Foto: Fabio Rodrigues Pozzebom/Agência Brasil
 
Jornal GGN - A reforma política, aprovada pela Comissão Especial da Câmara e que tramita com urgência para que possa valer já nas eleições 2018, foi vista como uma manobra para manter o financiamento bilionário de campanhas políticas com o fundo "da Democracia" criado, como uma estratégia para manter os mesmos políticos no Congresso com o "distritão" e, inclusive, uma transição para a concentração de poder nos deputados e senadores com a mudança do sistema de governo no Brasil ao Parlamentarismo.
 
Agora, um trecho da proposta já aprovada em Comissão e que precisa ser aceita pela Câmara e Senado até o dia 7 de outubro parece ter passado sem os olhos do próprio relator, o deputado Vicente Cândido (PT-SP).
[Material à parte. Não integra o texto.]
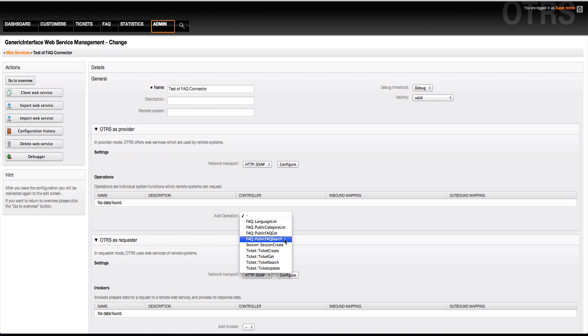For more information about the functions, please read the development documentations or consult the community for more help.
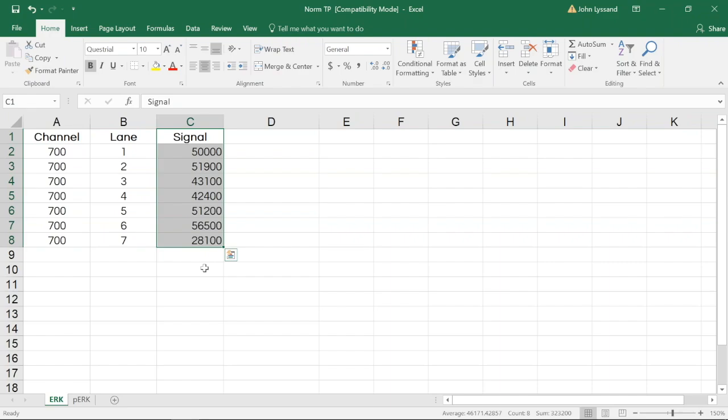As we examine these values, we're going to want to find the lane with the highest signal value. In this example, we can see lane 6, shown here, has the highest value compared to other lanes.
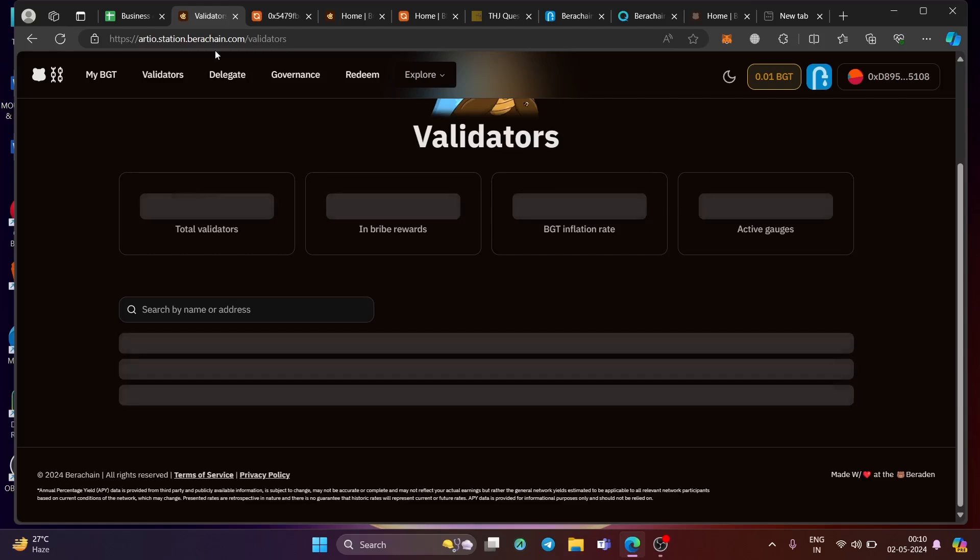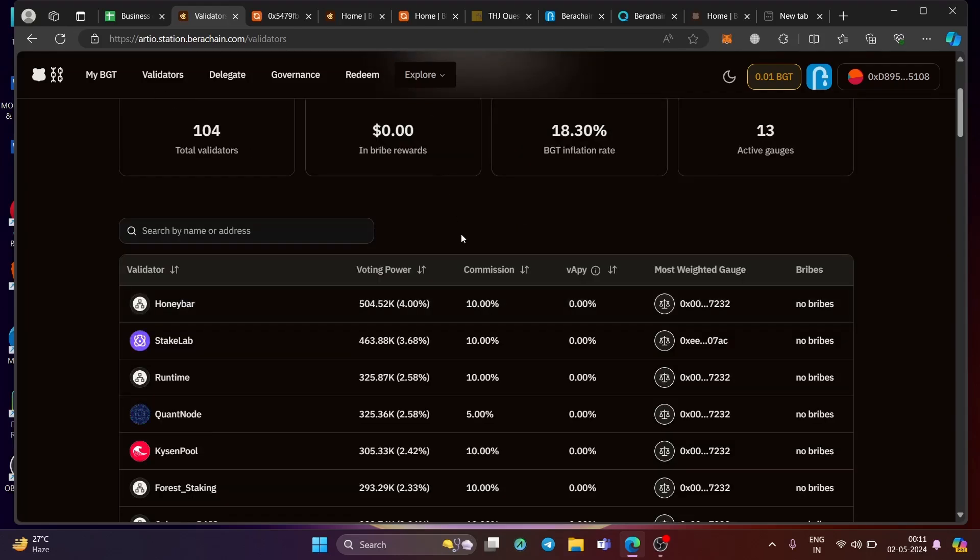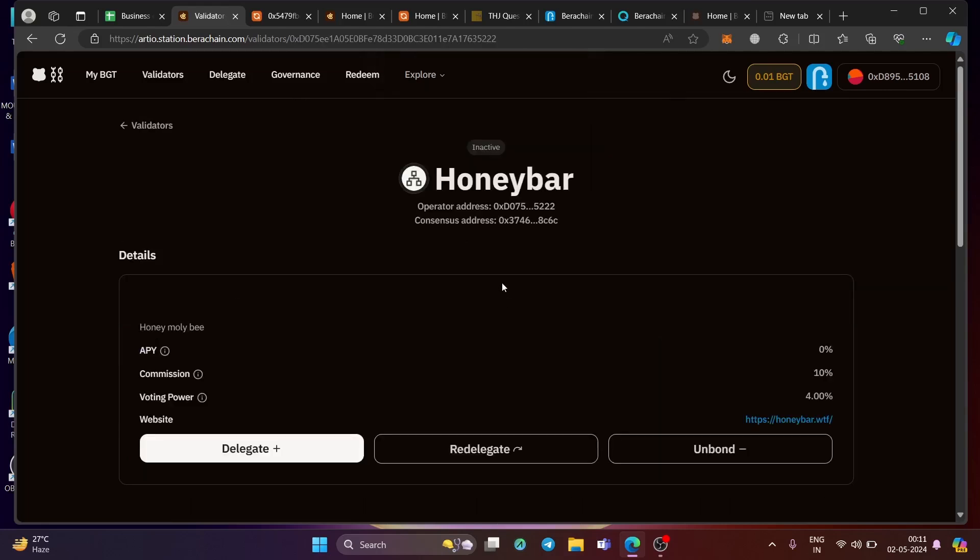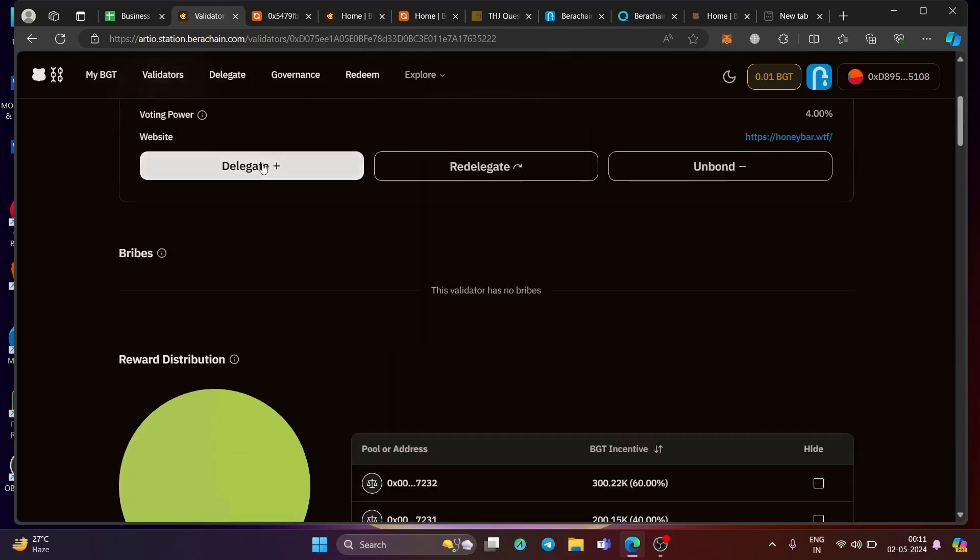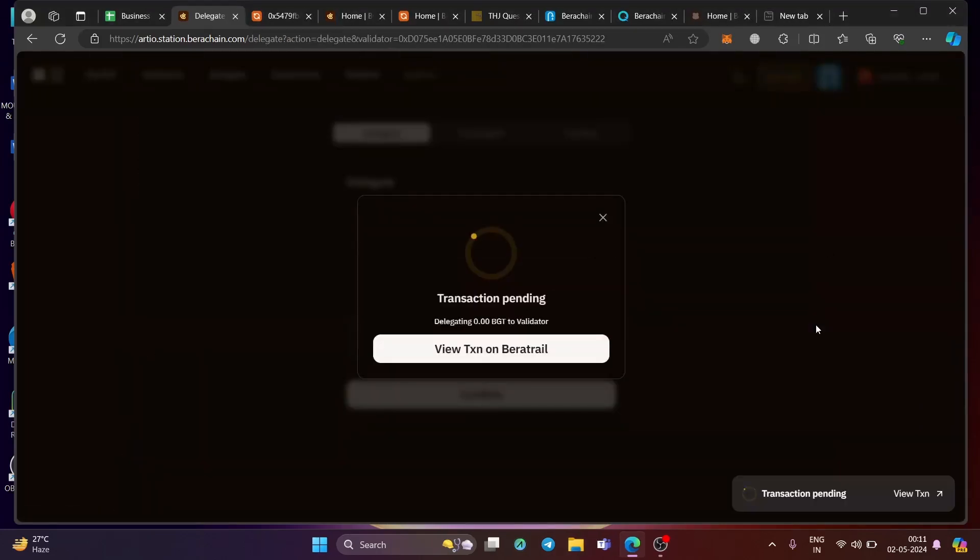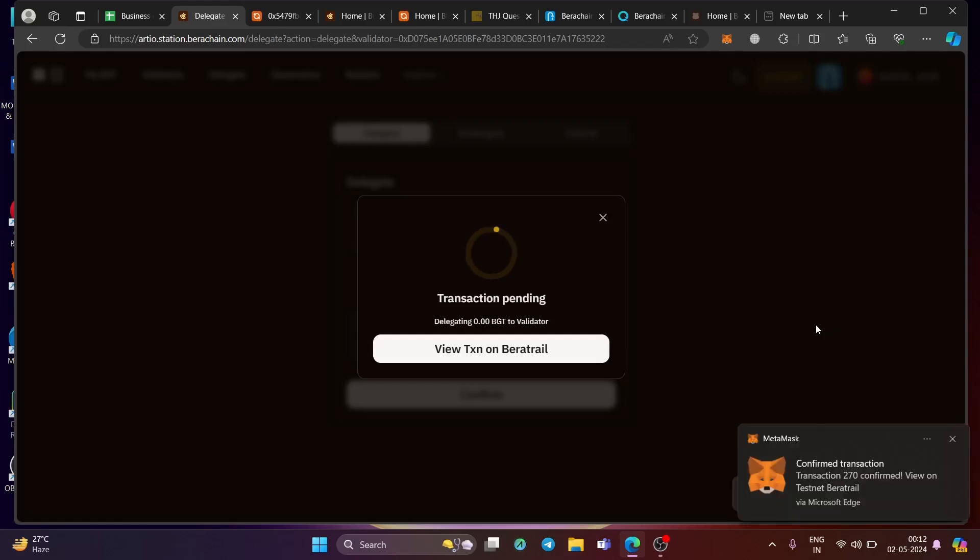So again, go to validators. So it is loading right now. Let me show you right over here. Choose any validator like this one. And once you choose this one, you can delegate the token, the transaction will be processed and this step is completed. So these steps are pretty simple, pretty basic.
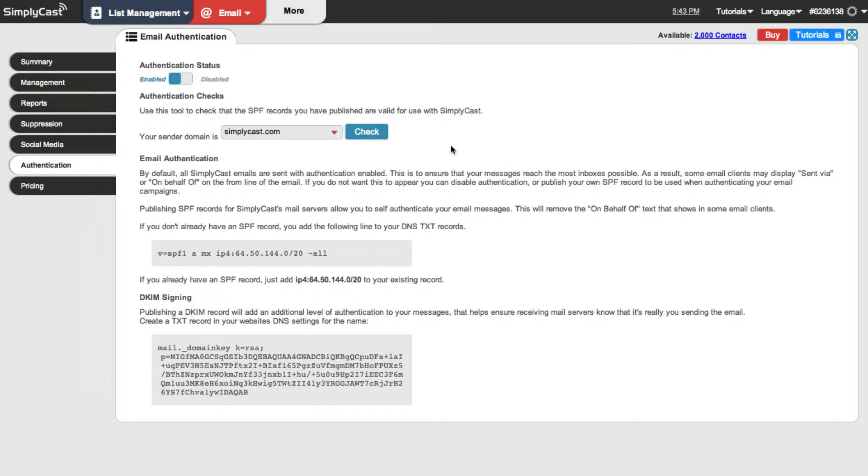On this page here you can see that my sender domain is simplycast.com. This is going to be different for your own account of course and our system will display all the different domains available to you from sender addresses that you've added.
É o que prevê a liberação de doações em dinheiro vivo no valor de até R$ 10 mil.
 
Sobre este trecho, técnicos do Tribunal Superior Eleitoral (TSE) ouvidos pela Folha de S. Paulo manifestaram preocupação por permitir uma brecha à lavagem de dinheiro, com os repasses em efetivo. Se a reforma política foi apresentada como uma urgência da população por melhorias no nosso sistema eleitoral e com medidas que acabem com a raiz da corrupção, o parágrafo mencionado não só vai na contramão, como estimularia ilícitos.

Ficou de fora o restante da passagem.